Habermas tece oportuna consideração ao afirmar que "em nossos mundos da vida, compartilhados intersubjetivamente e que se sobrepõem uns aos outros, está instalado um amplo pano de fundo consensual, sem o qual a prática cotidiana não poderia funcionar de forma nenhuma" [06].

A rejeição não é de cunho social, mas localiza-se, com se verá, no âmbito da esfera vital primitiva, natural, do indivíduo, que a sente, mas a deixa de lado para poder viver convenientemente e, porque não dizer, confortavelmente, em sociedade.

Em muito esclarece a observação de Villegas, que bem enquadra o posicionamento adotado pelos adeptos da nominada doutrina da rejeição social:

Durante muito tempo, houve resistência ao tributo, por ser ele considerado fruto de desigualdade, privilégio e injustiça. O cumprimento de obrigações tributárias representava um sinal tangível de submissão e servidão do indivíduo diante do Estado.

Modernamente, entretanto, a doutrina variou fundamentalmente quanto à concepção do imposto que – de simples meio para obter recursos – passou a constituir-se em elemento essencial para a existência do Estado e a obtenção de suas finalidades.

O clima de ‘tolerância culpável’ começa a desaparecer e se transforma gradualmente em repúdio aos infratores fiscais, que burlam a sociedade e que incrementam os encargos fiscais dos outros, ao diminuírem ilegitimamente os próprios [07].

Schmolders, citado por Oliveira, assinala que "a resistência ao tributo, em todas as suas manifestações, coloca-se na esfera vital primitiva do homem, em seus instintos e impulsos naturais, cuja força é incomparavelmente maior e diametralmente oposta ao cumprimento dos deveres tributários, conhecidos racionalmente, mas não vividos emocionalmente" [08].

Feitas tais considerações, tem-se que ilícito tributário é qualquer conduta contrária a preceito imperativo da norma tributária. Tal conduta visa excluir, diminuir o valor do tributo, ou postergar o pagamento do montante devido.

A prática do ilícito tributário, sendo uma conduta contrária à lei tributária, sujeita o infrator à sanção jurídica, que abrange tanto os fatos contrários à lei tributária quanto aqueles configurados como crimes pela lei penal.

A abordagem aqui adotada encaminha o assunto para a referência aos princípios basilares que informam o Direito Tributário.

No Brasil, são adotados alguns princípios (citando-se apenas aqueles que guardam maior relação com a matéria destacada) que foram elaborados no âmbito do Direito Tributário e que lhe são próprios.
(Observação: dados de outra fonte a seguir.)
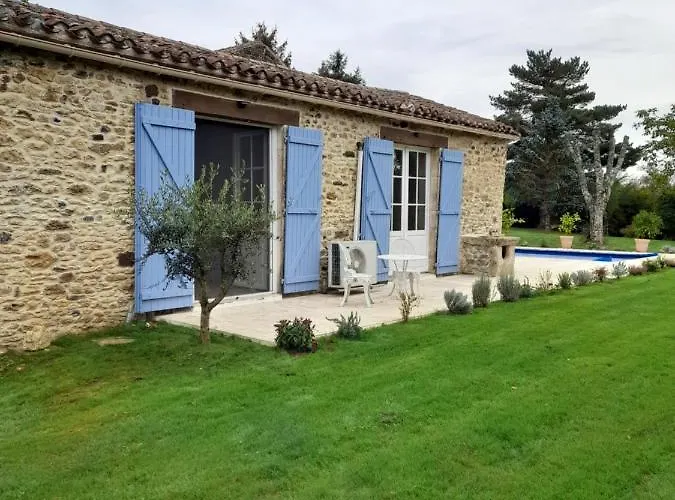 La Petite Maison Bleue Avec Piscine Feriehus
Menciona-se, por exemplo, o princípio da anterioridade tributária, configurado no artigo 150, inciso III, alínea b, da Constituição vigente, que ressalva não ser permitido cobrar tributos no mesmo exercício da publicação da Lei que os instituiu ou majorou.

Igualmente, são afetos à relação jurídica tributária os princípios constitucionais da capacidade contributiva (Constituição: artigo 145, § 1º); o da proibição de cobrar tributos com efeito de confisco (Constituição: artigo 150, IV) e, por sua relevância, o princípio da legalidade, pelo qual o Tributo só poderá ser criado ou aumentado por Lei (Constituição: art. 150, I); o princípio da irretroatividade, que impõe só se aplicar a Lei tributária aos fatos geradores ocorridos após o início de sua vigência (Constituição: art. 150, III, a); o princípio da isonomia, pelo qual a Lei não poderá dar tratamento desigual aos contribuintes que se encontrem em situação equivalente (Constituição: art.150, II).

A competência tributária diz respeito ao poder de instituir, de cobrar, de fiscalizar tributos e de legislar sobre a matéria.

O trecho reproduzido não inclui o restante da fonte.